(Stored items from a collection)
>>

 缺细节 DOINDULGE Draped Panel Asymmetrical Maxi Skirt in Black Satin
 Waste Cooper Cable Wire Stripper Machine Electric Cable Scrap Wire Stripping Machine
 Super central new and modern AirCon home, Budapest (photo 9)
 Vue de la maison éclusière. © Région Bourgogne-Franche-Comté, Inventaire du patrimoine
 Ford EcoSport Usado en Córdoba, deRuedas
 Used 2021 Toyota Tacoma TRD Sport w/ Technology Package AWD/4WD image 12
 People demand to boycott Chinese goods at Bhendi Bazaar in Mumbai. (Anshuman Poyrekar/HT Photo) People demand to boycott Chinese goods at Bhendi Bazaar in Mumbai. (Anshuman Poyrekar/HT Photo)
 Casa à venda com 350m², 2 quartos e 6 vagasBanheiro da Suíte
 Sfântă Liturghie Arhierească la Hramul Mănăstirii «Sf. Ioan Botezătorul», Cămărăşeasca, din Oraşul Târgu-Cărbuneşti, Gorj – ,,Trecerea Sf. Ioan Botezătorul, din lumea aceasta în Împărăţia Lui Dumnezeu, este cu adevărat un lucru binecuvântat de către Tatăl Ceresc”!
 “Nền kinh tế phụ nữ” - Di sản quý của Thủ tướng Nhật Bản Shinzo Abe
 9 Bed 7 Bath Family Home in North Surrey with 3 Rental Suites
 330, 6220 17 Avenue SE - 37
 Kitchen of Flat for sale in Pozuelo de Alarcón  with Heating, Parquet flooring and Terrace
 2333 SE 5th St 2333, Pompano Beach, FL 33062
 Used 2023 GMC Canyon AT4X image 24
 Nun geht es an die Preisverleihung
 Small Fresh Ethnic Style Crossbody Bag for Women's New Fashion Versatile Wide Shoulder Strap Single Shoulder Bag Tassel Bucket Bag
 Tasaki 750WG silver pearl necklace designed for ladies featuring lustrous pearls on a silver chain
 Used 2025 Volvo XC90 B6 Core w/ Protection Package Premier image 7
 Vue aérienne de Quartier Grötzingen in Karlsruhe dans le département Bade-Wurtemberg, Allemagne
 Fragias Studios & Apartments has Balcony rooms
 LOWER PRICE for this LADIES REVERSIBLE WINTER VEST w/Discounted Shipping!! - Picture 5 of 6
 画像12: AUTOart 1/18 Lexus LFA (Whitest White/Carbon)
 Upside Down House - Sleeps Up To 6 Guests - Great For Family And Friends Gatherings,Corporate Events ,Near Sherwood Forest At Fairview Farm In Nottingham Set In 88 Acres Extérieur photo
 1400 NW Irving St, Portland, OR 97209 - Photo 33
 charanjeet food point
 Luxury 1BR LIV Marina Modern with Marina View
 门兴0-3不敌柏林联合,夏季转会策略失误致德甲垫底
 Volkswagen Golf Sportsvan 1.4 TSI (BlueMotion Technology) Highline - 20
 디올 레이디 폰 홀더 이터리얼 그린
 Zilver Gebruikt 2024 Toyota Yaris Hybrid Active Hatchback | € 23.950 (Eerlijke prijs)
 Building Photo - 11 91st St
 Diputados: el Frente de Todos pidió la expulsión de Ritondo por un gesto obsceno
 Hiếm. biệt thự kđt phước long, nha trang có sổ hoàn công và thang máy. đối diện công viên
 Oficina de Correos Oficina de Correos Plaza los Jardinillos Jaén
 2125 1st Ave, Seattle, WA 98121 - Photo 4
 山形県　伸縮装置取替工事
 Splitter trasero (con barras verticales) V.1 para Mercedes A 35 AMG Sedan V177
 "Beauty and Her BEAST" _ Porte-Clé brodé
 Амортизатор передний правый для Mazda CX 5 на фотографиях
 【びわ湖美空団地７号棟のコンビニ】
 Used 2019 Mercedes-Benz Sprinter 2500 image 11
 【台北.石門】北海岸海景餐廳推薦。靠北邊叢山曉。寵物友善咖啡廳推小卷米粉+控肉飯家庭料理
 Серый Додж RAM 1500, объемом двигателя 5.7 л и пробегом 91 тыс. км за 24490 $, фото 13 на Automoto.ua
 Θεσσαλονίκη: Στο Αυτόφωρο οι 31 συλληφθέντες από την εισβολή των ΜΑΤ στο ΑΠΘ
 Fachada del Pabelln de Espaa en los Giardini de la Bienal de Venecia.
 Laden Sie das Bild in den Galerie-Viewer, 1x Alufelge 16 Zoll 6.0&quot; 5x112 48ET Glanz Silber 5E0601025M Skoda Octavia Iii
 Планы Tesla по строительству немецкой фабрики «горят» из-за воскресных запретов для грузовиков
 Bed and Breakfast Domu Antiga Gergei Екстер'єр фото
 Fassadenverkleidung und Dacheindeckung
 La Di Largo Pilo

<<

TASK TO COMPLETE —
Scan the records for the word "Family". Copy each line where it turns up.

RESULT OF THE EXERCISE —
 9 Bed 7 Bath Family Home in North Surrey with 3 Rental Suites
 Upside Down House - Sleeps Up To 6 Guests - Great For Family And Friends Gatherings,Corporate Events ,Near Sherwood Forest At Fairview Farm In Nottingham Set In 88 Acres Extérieur photo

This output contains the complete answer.